I noticed this first in Cambodia, but absolutely everywhere in Thailand. It's no secret that in Asia, "white is better". The 7-11s sell hundreds of different creams and you see people all the time walking down the street with a weird white paste caked on their face. There's no arguing that white is the goal here, but the reasons why are confusing and it's hard to know what to believe. Some say it's the definition of beauty and white means rich (is this ingrained?). Others talk about how dark = worker class, in the field slaving away all  day and = no money. Is it right? I don't know. I really don't. But it shocked me at first. I wanted to laugh and tell everyone that white did not mean better or more beautiful. I wanted to tell them that it was just a social construct that had no basis in facts. I wanted to tell them that their skin was beautiful just the way it was.

But I can't because it would be hypocritical.

It might sound weird that Asia wants to be whiter, but the West wants to be darker. We have countless suntanning booths and lotions and everything.
Because in the West, tan = sexy.
Why?
Good question. I happen to be attracted to women with darker skin and I have no idea if it's a nature/nurture thing. Is it culturally driven because I was brought up in an environment that values tan over white? Or is it something else?

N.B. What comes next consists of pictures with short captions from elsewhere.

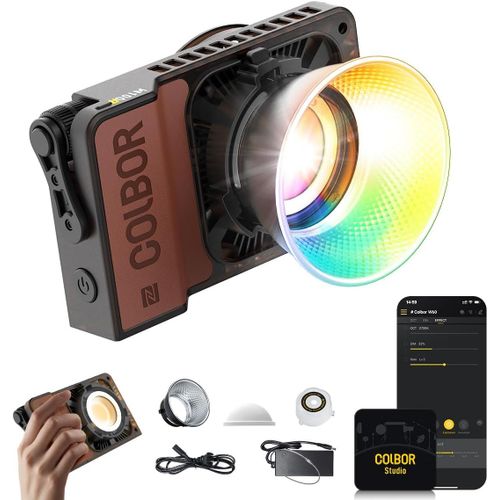 MONDODIGITALE-Lampe Vidéo,Wonder W100R 100W Rgb Éclairage Continu Portable 345G Contrôle App Avec Dc/Type C Pour Tournage Intérieur Et Extérieur Interview Live Streaming, Lumière-Vidéo-Led-Photograph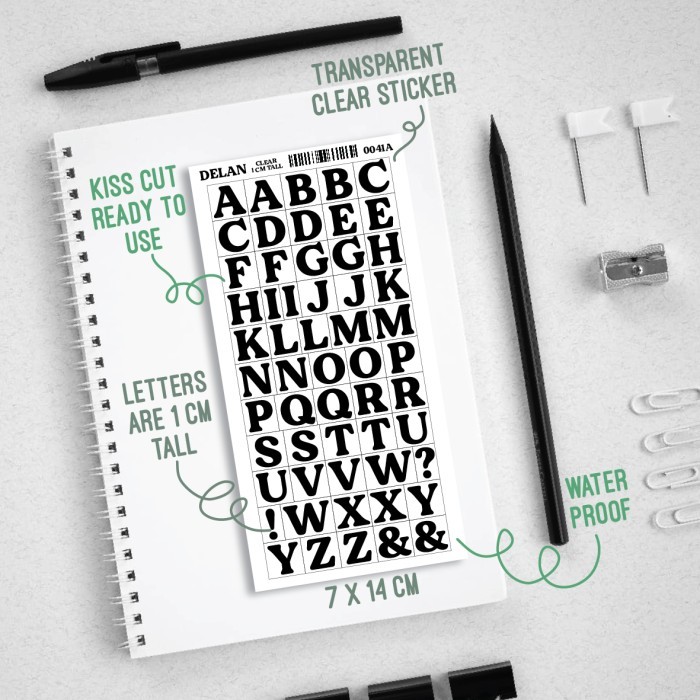 

*:*:*:*:*] Stiker Label Nama Huruf 1cm Abjad 0,5 cm Hitam Putih Transparan 0041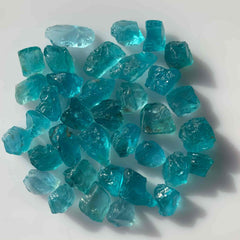 Neon Blue Apatite Facet Rough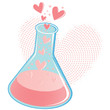 Vector Chemistry of Love Concept or Love Potion
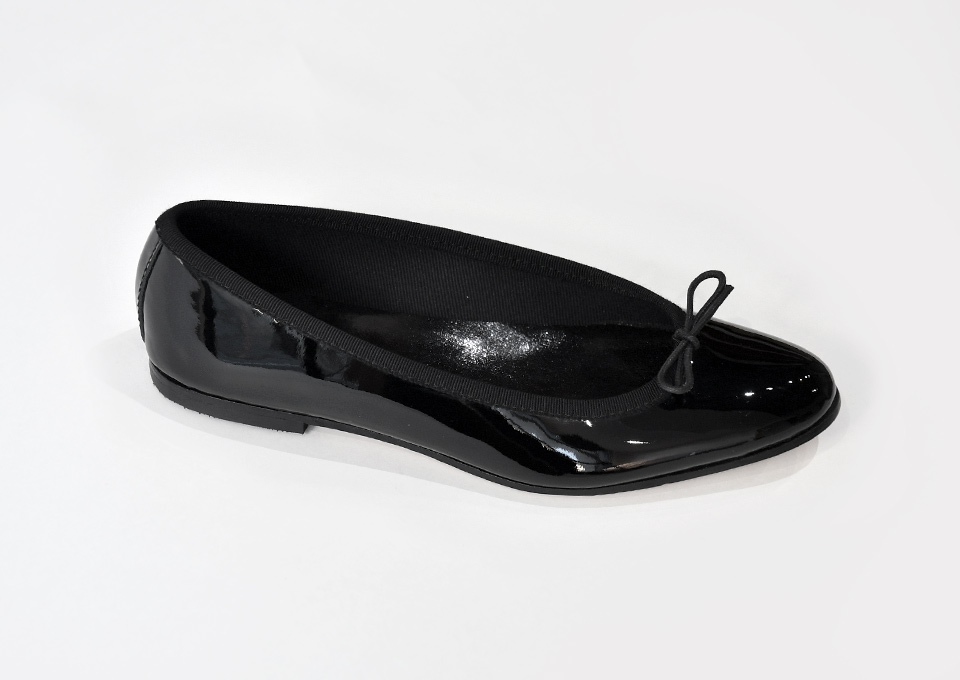 round-toe-ballerina(Black)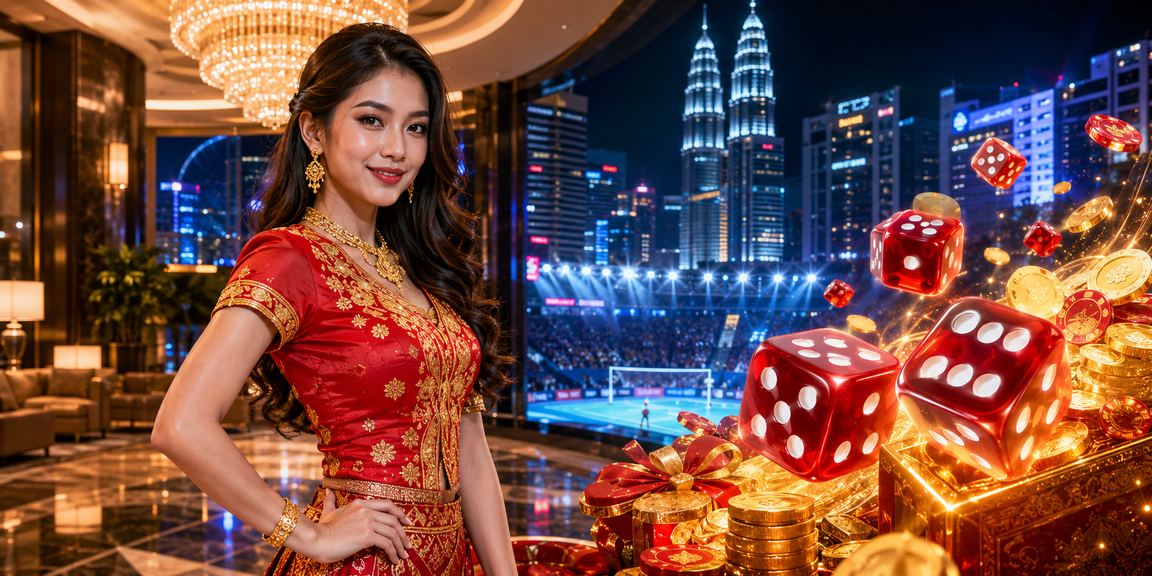 Pemain Malaysia menikmati permainan dadu di platform 1906 Kuala Lumpur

There's absolutely nothing different between that and the Asian whitening culture. Both make no sense, but the definition of "beauty' really is dependent on where you're from.

I'm not saying it should or can change or that it's wrong or right. Simply an observation.

Back to it.
Yesterday. This is the busy Goa(n) life:
-Breakfast at a cafe in "town" with a new, awesome friend, Maria, from Venezuela. And when I say town, I mean  a random strip of maybe 15 stores and restaurants (and more cows).

-Beach time with Maria and Andreas, a cool European also from the hostel. The waves here are insane. In Thailand, it was dessert flat. You go swimming out into the water, and you're basically like "oh, this is cool, but is that it?" But here, the waves are punishing and brutal and BIG and crashing. Some of them hit you with such force that it temporarily knocks your soul from you. Snot and spit are shooting out of your face and (again) you're laughing all crazy like while this happens because it's so surreal and unbelievable that you even have the chance to be smacked in the face with a killer wave (I still need to learn how to surf...). It's pretty damn great. To say the least.

-Went back to the hostel and dove into my book. Everyone else is talking and sharing and being social but I had to be that nerdy guy that is sucked into a good book. It sorta has to happen like this. Oceans away from home, but I can't escape myself (Sidenote [I do a lot of these, don't I?]: Read S. It's one of the best books I've ever read. I'm very close to finishing and I was glued to every page. It takes commitment, for sure, since it's like nothing you've ever read before (well, House of Leaves is a good primer), but it's worth it. I swear. It's a trip of an interactive experience and one that stole a lot of time in paradise. It was that good).

-During this time, Maria and I wrote 4 lines for a song that Andreas is writing. It's very legit and about life in Goa and the his and our time in the Prison Hostel in general - here's his soundcloud here, give him a listen, very worth it - guy's going to be famous. Just wait.

-Everyone goes to a street market and there's a live band, and of course, we have to jump in and start a Congo line for "Summer of 69".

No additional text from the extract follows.